Last week I visited the Museum of Monterey. We were in the area for a combination of vacation and college visits. I had received a postcard about a new photography exhibition and I was intrigued enough to make a side trip.
The reason for my visit was an exhibition of Byrant Austin's whale photography. As described below, Austin started making composite whale photographs in response to a very personal experience he had one day.
I've seen whales up close (we were sea kayaking in Alaska and a pod of whales began to bubble net feed, surfacing right next to us) and it was an experience that we still talk about as a family six years later. I felt a strong connection to the concept of Austin's mission, having felt the undeniable intelligence of these gentle giants while in Alaska. But I've never been in the water with whales -- though I have heard them singing while scuba diving -- and I really wanted to see what I was missing.
The photographs are incredible.
There were close-up images that really evoked a sense of personality and inquistiveness. Shown left to right here: Humpback Whale Calf 1341 (43 x 75 inches), Minke Whale Composite Portrait 1294 (4 feet x 5 feet), and Minke Whale Portrait 1186 (4 feet x 6 feet).
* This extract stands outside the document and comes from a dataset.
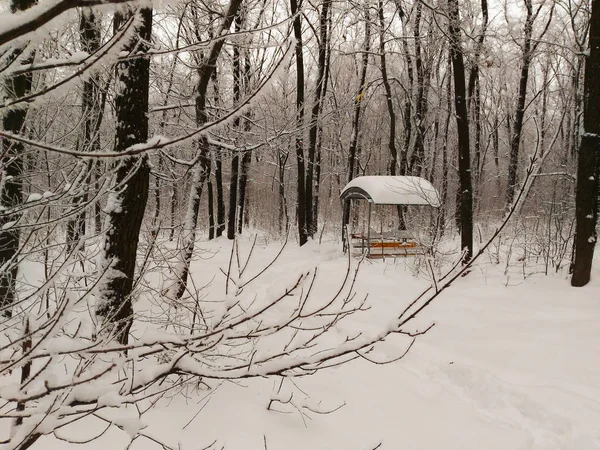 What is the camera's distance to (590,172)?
22.9ft

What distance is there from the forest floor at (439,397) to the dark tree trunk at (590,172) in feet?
1.96

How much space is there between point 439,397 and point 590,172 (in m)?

There were black and white portraits, too, such as the full-length sperm whale portrait: Sperm Whale Composite One (5 feet x 20 feet)
I was so glad the museum had space to sit and contemplate the portraits and Austin's mission to educate the public about the majesty and value of these marvelous creatures. My apologies to him for the glare in my pictures that diminish his work; please go to his website to really see his photography.